Usa e Gran Bretagna reagiscono con la creazione dell’Operazione Prospery Guardian, mentre per Ue possibile istituzione dell’operazione Aspides con il comando assegnato all’Italia.
Gli Houthi, forti di un’esperienza accumulata negli anni della dimenticata guerra civile nello Yemen, si sono imposti all’attenzione del mondo, mostrandosi di fatto una potenza regionale munita di un arsenale relativamente ampio (fornito dall’Iran) e favorita dalla posizione geografica a guardia dello stretto di Bab El Mandeb.
- Gli Houthi attaccano le navi mercantili nel Mar Rosso
- Bāb el-Mandeb, il terzo “chokepoint” globale
- L’importanza del traffico del canale Suez
- Conseguenze?

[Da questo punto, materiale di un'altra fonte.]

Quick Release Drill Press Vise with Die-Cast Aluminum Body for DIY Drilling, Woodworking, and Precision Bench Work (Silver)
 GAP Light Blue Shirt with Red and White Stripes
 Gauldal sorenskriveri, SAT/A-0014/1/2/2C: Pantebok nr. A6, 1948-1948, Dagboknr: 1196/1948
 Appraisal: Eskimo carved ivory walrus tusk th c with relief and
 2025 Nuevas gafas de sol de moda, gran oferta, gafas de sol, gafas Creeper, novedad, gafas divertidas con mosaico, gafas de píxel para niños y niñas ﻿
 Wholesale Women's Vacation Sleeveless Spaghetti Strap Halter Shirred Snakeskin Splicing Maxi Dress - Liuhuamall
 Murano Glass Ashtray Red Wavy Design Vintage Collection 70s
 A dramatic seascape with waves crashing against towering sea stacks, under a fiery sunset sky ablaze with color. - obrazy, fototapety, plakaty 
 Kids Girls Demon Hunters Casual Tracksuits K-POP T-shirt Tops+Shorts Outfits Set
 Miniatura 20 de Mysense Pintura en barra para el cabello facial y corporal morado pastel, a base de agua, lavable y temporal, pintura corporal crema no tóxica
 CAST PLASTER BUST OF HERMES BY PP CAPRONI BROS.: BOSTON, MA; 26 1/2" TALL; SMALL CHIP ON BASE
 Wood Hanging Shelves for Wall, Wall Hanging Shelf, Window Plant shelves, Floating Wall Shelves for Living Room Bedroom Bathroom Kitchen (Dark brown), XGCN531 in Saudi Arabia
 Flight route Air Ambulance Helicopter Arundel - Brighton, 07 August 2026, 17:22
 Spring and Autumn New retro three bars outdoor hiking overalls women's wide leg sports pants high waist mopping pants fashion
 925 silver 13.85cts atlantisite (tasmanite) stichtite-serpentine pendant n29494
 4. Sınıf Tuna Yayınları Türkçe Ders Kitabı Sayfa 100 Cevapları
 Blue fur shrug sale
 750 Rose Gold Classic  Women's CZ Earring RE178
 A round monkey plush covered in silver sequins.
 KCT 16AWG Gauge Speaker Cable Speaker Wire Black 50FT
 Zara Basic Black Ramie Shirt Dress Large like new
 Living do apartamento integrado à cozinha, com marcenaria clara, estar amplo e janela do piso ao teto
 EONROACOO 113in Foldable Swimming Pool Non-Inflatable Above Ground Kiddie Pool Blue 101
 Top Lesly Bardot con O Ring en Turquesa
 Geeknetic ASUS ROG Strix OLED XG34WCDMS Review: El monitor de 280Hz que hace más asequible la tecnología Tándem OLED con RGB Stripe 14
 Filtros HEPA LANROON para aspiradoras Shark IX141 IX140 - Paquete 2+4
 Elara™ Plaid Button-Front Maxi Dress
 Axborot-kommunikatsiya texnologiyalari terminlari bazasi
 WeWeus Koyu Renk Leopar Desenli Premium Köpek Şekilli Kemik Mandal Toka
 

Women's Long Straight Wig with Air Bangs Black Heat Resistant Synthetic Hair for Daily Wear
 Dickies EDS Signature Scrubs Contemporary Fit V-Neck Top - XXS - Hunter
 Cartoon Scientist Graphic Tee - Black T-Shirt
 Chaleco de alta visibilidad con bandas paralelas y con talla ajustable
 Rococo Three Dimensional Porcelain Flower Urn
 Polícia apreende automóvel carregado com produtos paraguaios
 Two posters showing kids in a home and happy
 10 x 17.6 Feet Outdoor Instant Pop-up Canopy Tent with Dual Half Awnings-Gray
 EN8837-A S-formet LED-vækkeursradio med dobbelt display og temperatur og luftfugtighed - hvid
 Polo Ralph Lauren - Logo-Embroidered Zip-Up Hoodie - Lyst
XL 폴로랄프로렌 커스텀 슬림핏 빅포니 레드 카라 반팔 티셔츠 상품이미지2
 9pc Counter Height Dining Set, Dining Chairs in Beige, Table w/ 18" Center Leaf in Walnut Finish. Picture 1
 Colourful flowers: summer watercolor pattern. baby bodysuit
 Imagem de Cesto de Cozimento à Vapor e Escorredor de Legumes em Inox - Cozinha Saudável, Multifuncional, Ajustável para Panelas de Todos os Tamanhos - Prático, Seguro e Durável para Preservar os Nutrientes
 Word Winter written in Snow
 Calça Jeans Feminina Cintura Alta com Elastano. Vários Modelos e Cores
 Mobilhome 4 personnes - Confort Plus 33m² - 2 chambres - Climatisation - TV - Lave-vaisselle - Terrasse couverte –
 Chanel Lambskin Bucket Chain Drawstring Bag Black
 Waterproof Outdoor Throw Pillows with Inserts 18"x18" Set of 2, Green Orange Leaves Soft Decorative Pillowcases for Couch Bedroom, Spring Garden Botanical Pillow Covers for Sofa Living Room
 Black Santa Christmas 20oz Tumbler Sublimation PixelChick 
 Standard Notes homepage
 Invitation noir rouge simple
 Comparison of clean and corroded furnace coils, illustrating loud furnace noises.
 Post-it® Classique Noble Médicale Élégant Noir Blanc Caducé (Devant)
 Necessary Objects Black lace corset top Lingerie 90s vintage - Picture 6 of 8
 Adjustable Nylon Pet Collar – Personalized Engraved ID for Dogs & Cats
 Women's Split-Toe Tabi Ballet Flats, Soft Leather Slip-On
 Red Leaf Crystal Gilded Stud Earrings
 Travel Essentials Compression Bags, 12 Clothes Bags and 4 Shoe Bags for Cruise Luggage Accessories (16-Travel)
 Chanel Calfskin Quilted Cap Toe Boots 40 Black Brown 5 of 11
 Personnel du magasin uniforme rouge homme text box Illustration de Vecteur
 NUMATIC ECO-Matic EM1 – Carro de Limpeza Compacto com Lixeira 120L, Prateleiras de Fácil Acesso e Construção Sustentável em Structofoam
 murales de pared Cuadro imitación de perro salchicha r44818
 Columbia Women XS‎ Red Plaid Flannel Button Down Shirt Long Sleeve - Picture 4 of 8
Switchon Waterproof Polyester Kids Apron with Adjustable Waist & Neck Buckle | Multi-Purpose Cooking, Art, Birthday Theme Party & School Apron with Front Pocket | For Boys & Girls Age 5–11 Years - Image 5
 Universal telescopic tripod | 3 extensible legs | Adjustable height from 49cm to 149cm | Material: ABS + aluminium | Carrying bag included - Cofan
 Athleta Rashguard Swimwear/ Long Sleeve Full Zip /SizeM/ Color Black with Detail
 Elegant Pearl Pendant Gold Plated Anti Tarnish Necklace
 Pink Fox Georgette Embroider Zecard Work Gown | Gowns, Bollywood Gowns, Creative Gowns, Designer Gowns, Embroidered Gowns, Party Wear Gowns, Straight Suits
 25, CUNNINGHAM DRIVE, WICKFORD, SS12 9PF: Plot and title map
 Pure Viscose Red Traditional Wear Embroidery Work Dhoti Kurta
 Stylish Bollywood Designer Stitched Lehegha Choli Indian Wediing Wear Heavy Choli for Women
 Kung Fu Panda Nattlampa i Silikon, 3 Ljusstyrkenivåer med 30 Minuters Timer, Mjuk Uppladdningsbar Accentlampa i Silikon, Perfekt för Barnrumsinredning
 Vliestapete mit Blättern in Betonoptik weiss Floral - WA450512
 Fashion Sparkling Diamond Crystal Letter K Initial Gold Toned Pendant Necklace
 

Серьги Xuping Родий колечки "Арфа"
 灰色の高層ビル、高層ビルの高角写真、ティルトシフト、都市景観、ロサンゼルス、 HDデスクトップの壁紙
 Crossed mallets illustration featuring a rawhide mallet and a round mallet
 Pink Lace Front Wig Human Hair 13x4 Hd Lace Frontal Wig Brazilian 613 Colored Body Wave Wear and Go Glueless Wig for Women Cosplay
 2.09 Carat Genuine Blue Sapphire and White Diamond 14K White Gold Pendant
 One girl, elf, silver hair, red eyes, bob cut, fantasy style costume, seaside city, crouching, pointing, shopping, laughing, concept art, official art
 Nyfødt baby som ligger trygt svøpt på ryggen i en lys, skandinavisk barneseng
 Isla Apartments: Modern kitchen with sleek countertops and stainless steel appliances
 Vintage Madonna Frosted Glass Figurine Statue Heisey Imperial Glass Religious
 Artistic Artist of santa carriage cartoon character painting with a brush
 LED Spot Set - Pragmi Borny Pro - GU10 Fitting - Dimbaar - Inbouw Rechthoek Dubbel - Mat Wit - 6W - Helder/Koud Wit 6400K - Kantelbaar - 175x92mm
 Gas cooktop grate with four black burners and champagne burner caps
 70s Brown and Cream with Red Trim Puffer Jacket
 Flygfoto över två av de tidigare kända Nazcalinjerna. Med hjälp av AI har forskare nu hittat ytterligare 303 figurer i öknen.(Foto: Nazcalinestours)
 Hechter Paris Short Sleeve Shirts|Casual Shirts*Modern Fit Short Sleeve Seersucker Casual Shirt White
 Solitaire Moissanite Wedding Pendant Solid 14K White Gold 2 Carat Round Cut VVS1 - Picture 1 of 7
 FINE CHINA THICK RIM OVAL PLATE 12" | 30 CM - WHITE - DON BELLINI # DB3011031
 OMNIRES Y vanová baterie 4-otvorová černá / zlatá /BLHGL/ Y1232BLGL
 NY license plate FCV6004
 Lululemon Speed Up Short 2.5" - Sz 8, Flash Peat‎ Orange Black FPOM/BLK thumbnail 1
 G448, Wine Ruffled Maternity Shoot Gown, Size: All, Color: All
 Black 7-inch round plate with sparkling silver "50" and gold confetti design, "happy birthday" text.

Fuga dalla rotta di Suez e aumenti dei costi attraverso rotta africana
- I prezzi salgono: la reazione delle aziende
- Crisi dei porti italiani
- L’Occidente reagisce: Operazione “Prospery Guardian” a guida USA
- Le divisioni internazionali
- Operazione europea “Aspides”: l’Italia al comando
- Chi sono gli Houthi
- Gli Houthi non arretrano
- Cosa vogliono gli Houthi?
- Cosa potrebbe succedere adesso?
Gli Houthi attaccano le navi mercantili nel Mar Rosso
La crisi del Mar Rosso è iniziata il 19 ottobre 2023, in piena guerra tra Israele-Hamas, allorquando gli Houthi, i ribelli yemeniti, alleati con il gruppo militare Hamas, in risposta all’offensiva di terra israeliana 2023 della Striscia di Gaza, sferrano una serie di attacchi con missili e droni contro il sud di Israele e contro cargo commerciali da e per lo Stato di Israele e navi da guerra lungo la nevralgica rotta del Mar Rosso, a ridosso dello stretto di Bāb el-Mandeb. I ripetuti attacchi alle navi se pure militarmente inefficaci, sono riusciti sotto il profilo dell’intimidazione. E se possono sembrare di primo acchito crimini di pirateria, in realtà non lo sono perché posti in essere per finalità politiche e non per lucro.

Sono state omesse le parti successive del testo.